> [SUPPLIED RECORDS]:
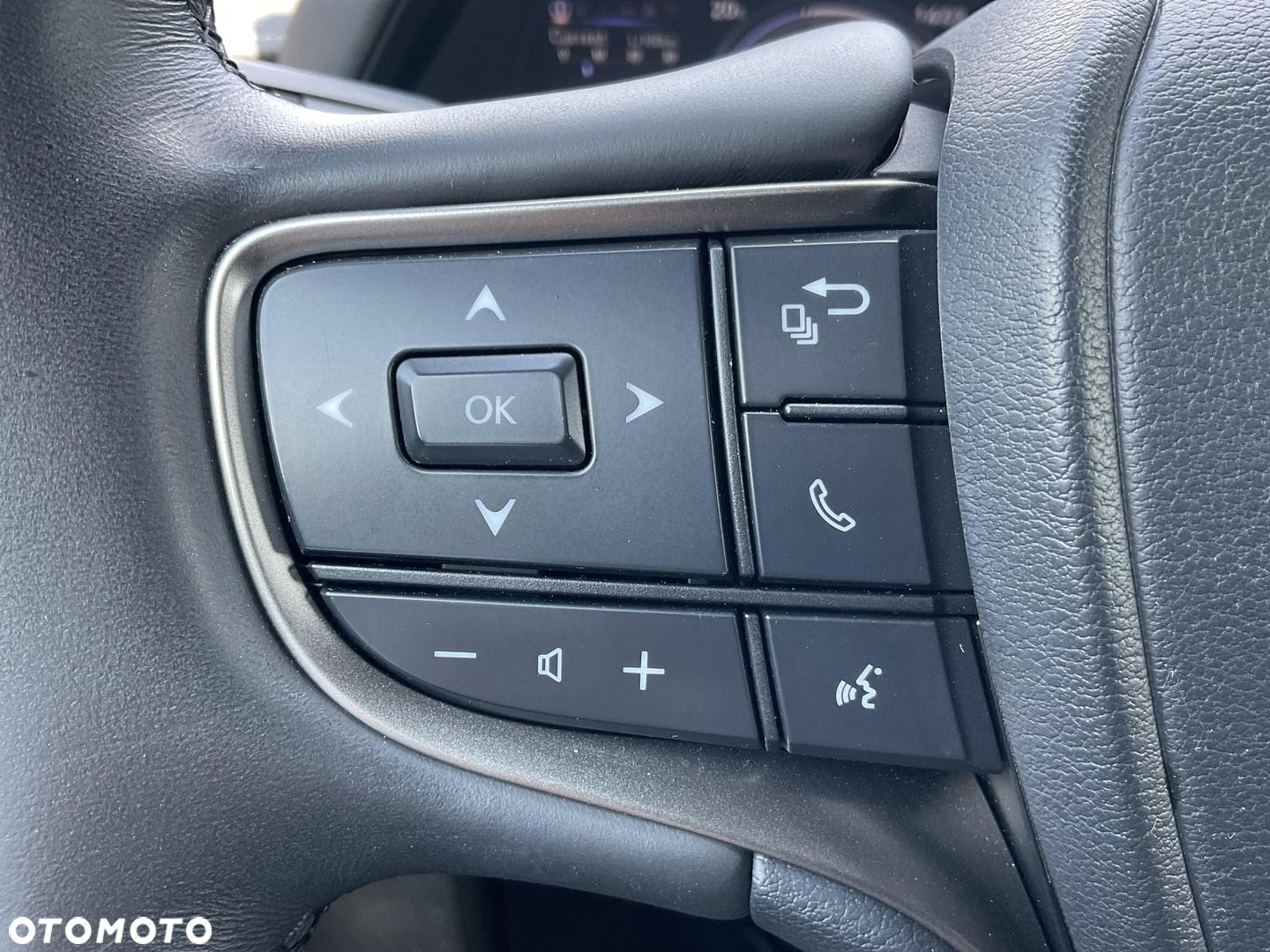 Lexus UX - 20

---

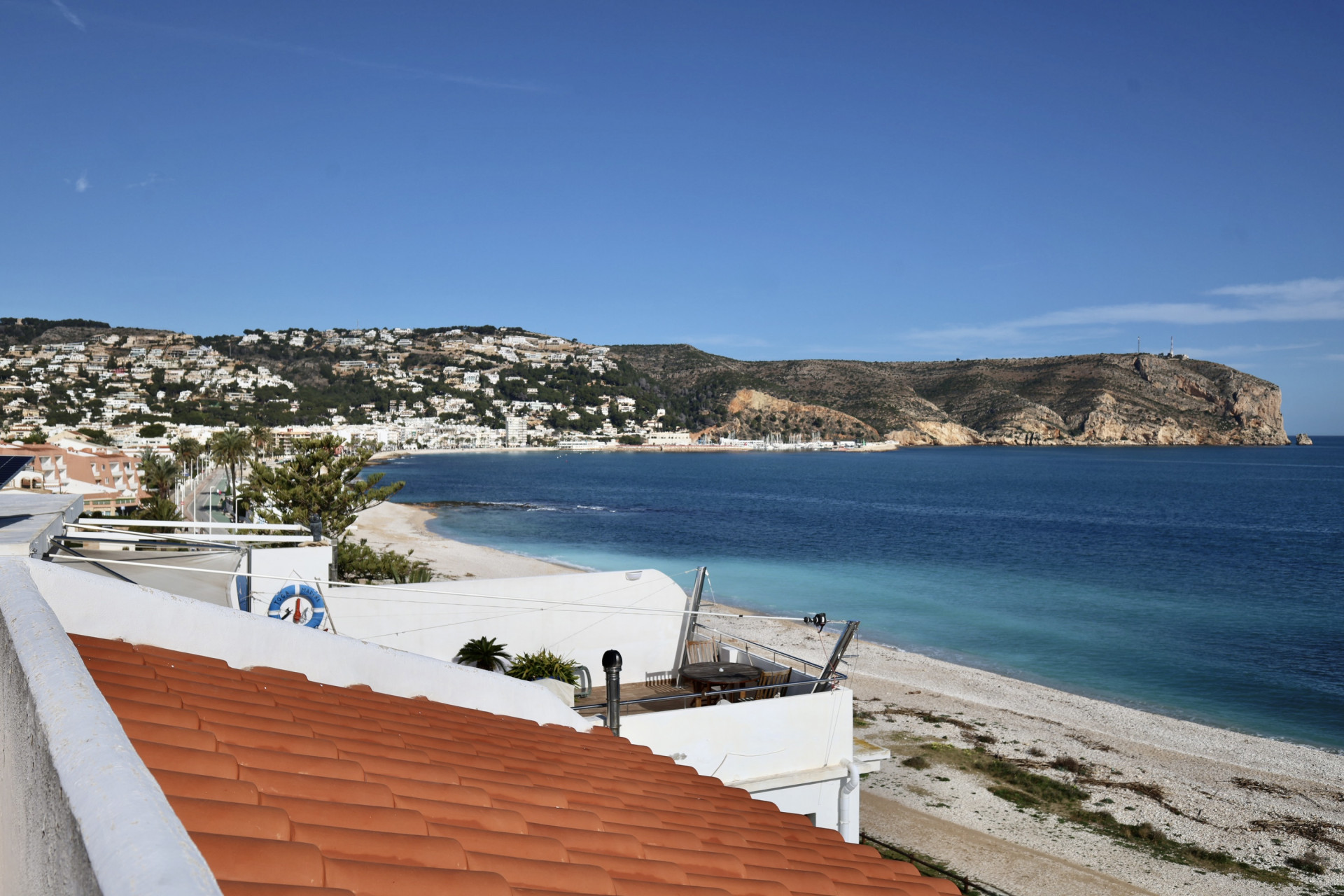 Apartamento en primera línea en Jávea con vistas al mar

...

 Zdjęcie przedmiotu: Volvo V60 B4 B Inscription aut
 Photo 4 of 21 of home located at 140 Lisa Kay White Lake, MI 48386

> [WORK ORDER]: Reproduce exactly the section above that begins at the line containing "Zdjęcie przedmiotu: Volvo" and ends at the line containing "Photo 4 of 21", leaving out all other lines.

> [RESULT]:
 Zdjęcie przedmiotu: Volvo V60 B4 B Inscription aut
 Photo 4 of 21 of home located at 140 Lisa Kay White Lake, MI 48386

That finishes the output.